*** Opening of COLLECTED DATA ***

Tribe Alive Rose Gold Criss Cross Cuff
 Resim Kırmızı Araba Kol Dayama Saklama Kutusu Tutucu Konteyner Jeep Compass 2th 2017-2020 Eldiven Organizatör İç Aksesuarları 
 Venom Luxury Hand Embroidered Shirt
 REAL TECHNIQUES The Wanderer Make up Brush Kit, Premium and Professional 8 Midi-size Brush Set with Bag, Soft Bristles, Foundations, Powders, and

*** Close of COLLECTED DATA ***

__DESCRIPTION OF THE TASK__.
Copy down the material above exactly as it is.

__EXERCISE RESPONSE__.
Tribe Alive Rose Gold Criss Cross Cuff
 Resim Kırmızı Araba Kol Dayama Saklama Kutusu Tutucu Konteyner Jeep Compass 2th 2017-2020 Eldiven Organizatör İç Aksesuarları 
 Venom Luxury Hand Embroidered Shirt
 REAL TECHNIQUES The Wanderer Make up Brush Kit, Premium and Professional 8 Midi-size Brush Set with Bag, Soft Bristles, Foundations, Powders, and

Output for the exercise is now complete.